Self-propelled particles with selective attraction-repulsion interaction: from microscopic dynamics to coarse-grained theories

In this work we derive and analyse coarse-grained descriptions of self-propelled particles with selective attraction-repulsion interaction, where individuals may respond differently to their neighbours depending on their relative state of motion (approach versus movement away). Based on the formulation of a nonlinear Fokker-Planck equation, we derive a kinetic description of the system dynamics in terms of equations for the Fourier modes of the one-particle density function. This approach allows effective numerical investigation of the stability of solutions of the nonlinear Fokker-Planck equation.
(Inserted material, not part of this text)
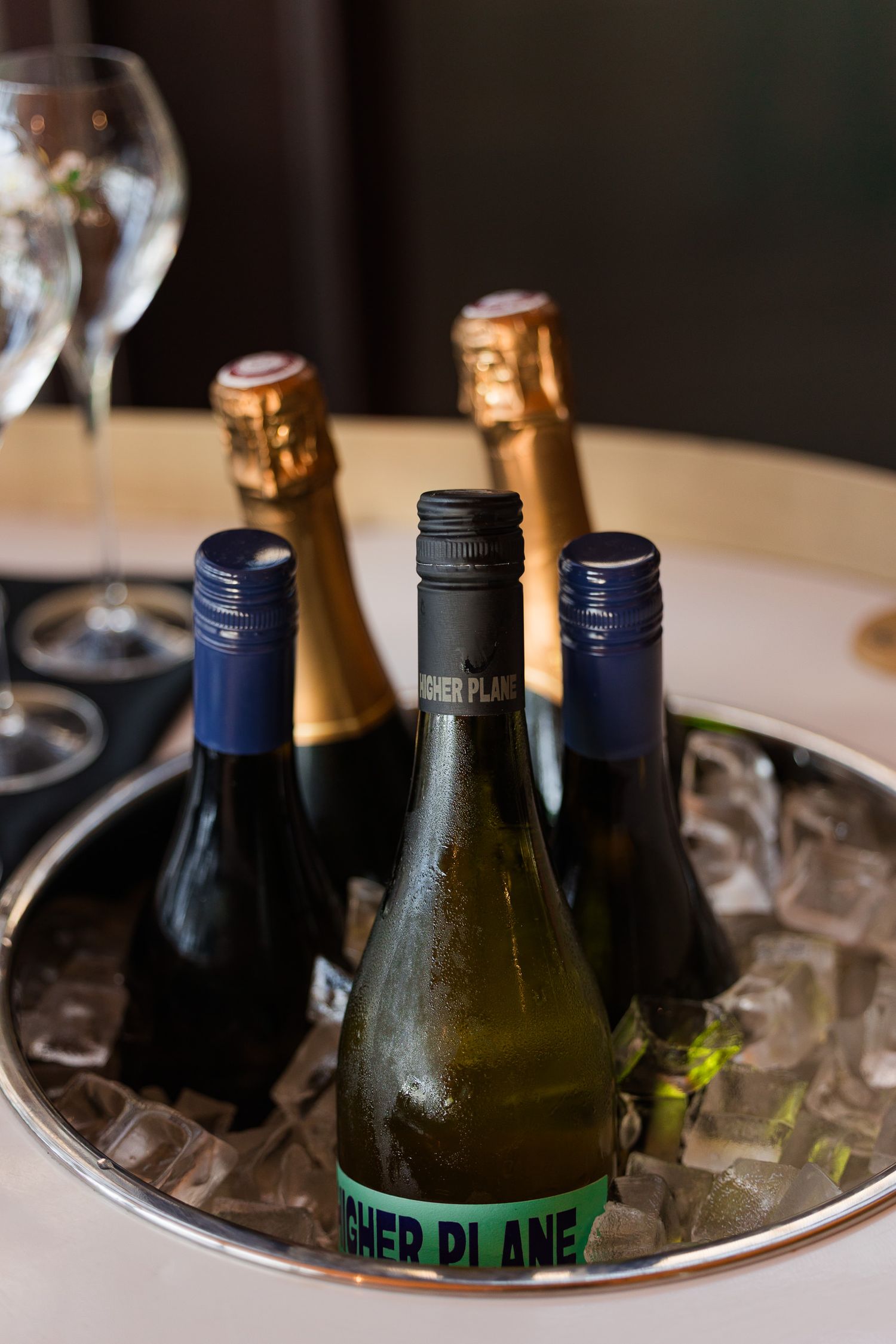 Assorted wine and champagne bottles chilling in an ice bucket on a silver tray at an elegant dining event.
Further on, we also derive a hydrodynamic theory by performing a closure at the level of the second Fourier mode of the one-particle density function. We show that the general form of equations is in agreement with the theory formulated by Toner and Tu. The stability of spatially homogeneous solutions is analysed and the range of validity of the hydrodynamic equations is quantified. Finally, we compare our analytical predictions on the stability of the homogeneous solutions with results of individual-based simulations. They show good agreement for sufficiently large densities and non-negligible short-ranged repulsion. The results of the kinetic theory for weak short-ranged repulsion reveal the existence of a previously unknown phase of the model consisting of dense, nematically aligned filaments, which cannot be accounted for by the present hydrodynamics theory of the Toner and Tu type for polar active matter.